## [Short descriptive text snippets]
# # # # # # #

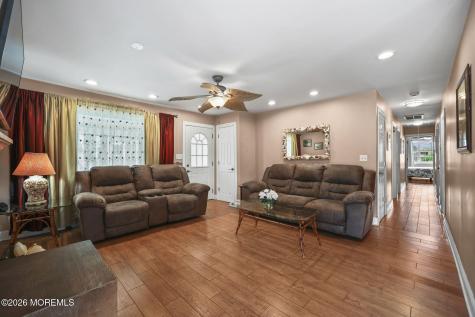 27B Lenape Trail Brick NJ 08724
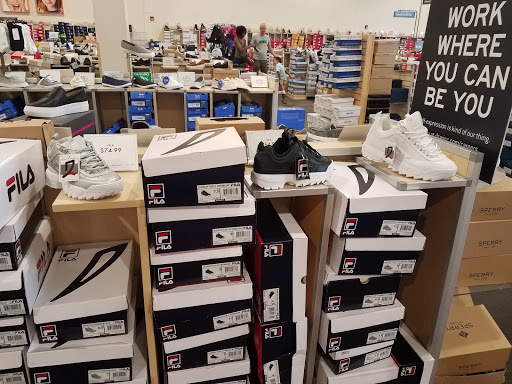 Shoe Store «DSW Designer Shoe Warehouse», reviews and photos, 4039 Richmond Rd, Warrensville Heights, OH 44122, USA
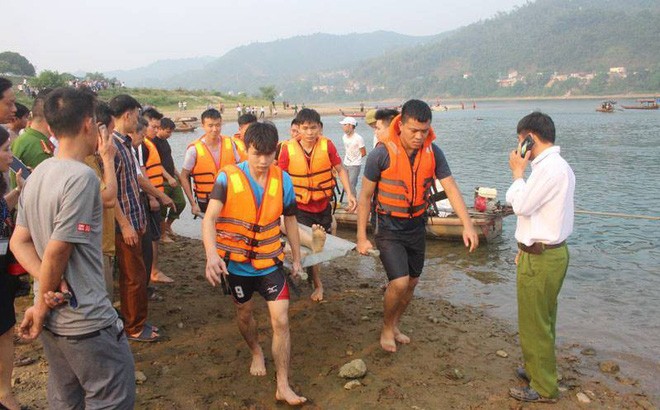 Lực lượng chức năng vớt thi thể học sinh đuối nước thương tâm ở Hòa Bình (Ảnh: Soha.vn).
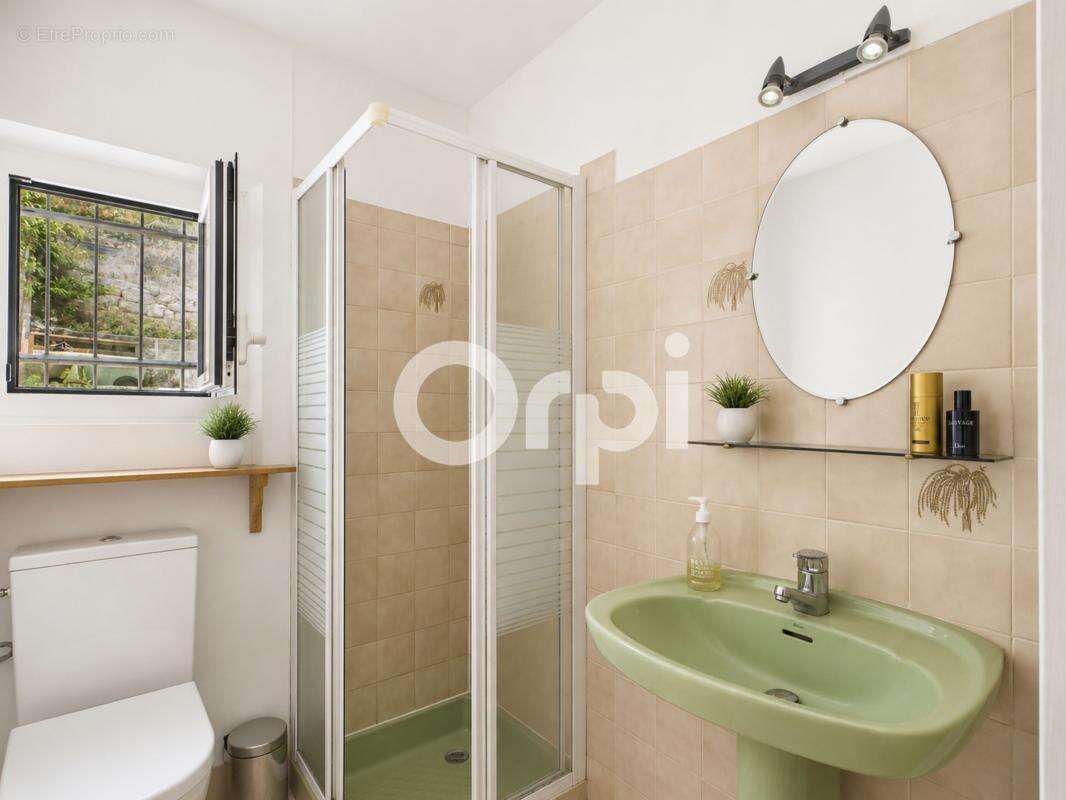 Piscine -calme -garage -plain pied -environnement - photo 13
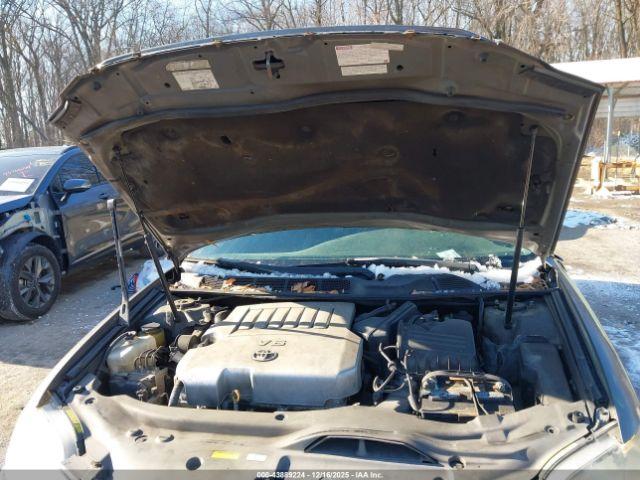 Toyota Avalon Touring Image 4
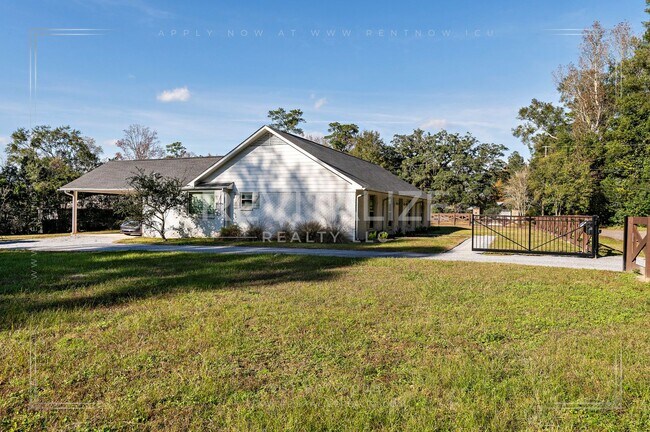 Foto del edificio - Stunning 3 Bed 2 Bath Brick Home with Huge Yard!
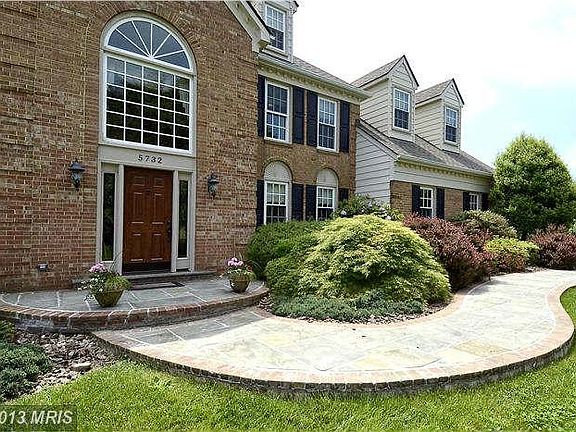 2nd image of 5732 Stanbrook Ln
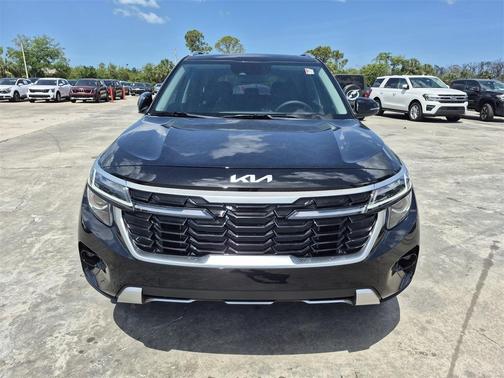 2025 Kia Seltos EX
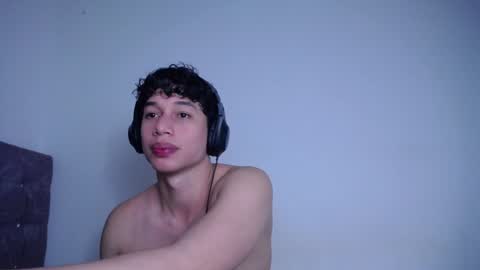 Snapshot of sandra_and_charly chatting on 24, 1, 2025 sandra and charly online show from 24, 1, 2025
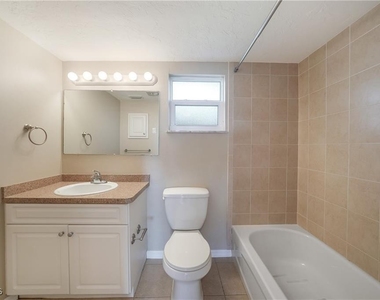 3100 Harbor Boulevard - Photo Thumbnail 12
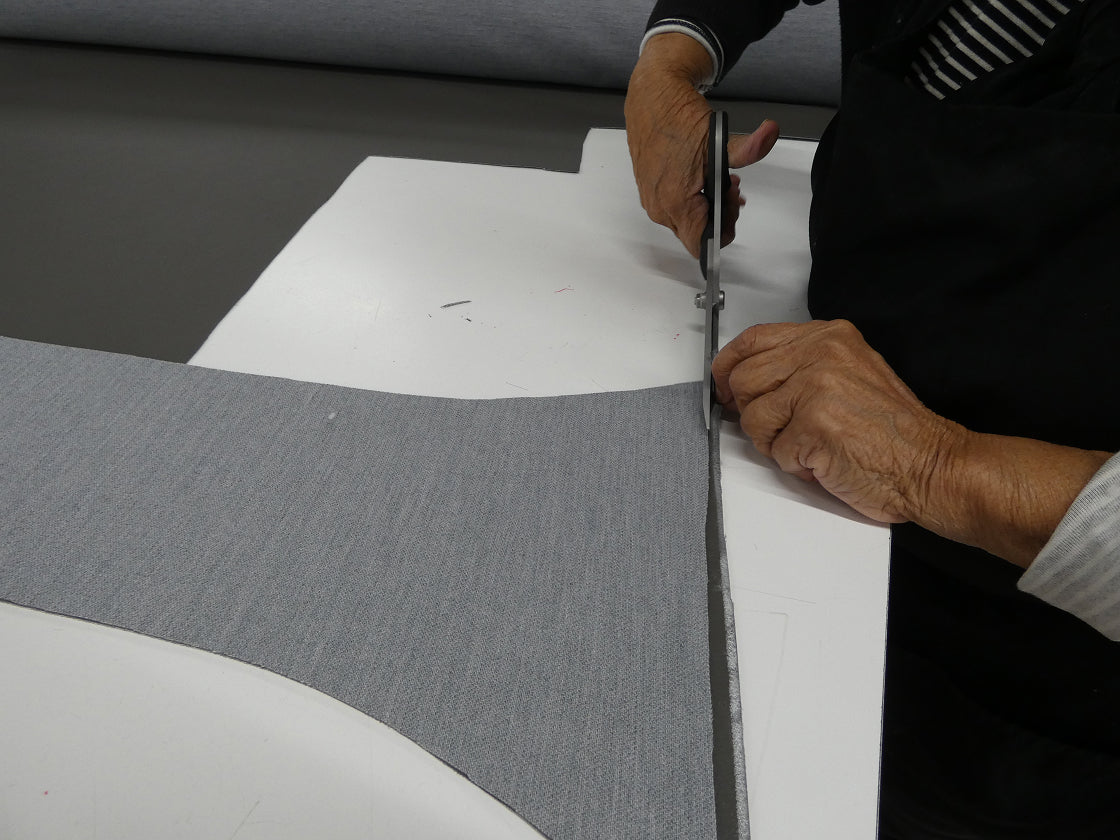 chair construction step 16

# # # # # # #

## [Exercise objective]
Skip every picture. Repeat word for word the lines from the line holding "Toyota Avalon Touring Image 4" through the end of the entries above.

## [Written response]
 Toyota Avalon Touring Image 4
 Foto del edificio - Stunning 3 Bed 2 Bath Brick Home with Huge Yard!
 2nd image of 5732 Stanbrook Ln
 2025 Kia Seltos EX
 Snapshot of sandra_and_charly chatting on 24, 1, 2025 sandra and charly online show from 24, 1, 2025
 3100 Harbor Boulevard - Photo Thumbnail 12
 chair construction step 16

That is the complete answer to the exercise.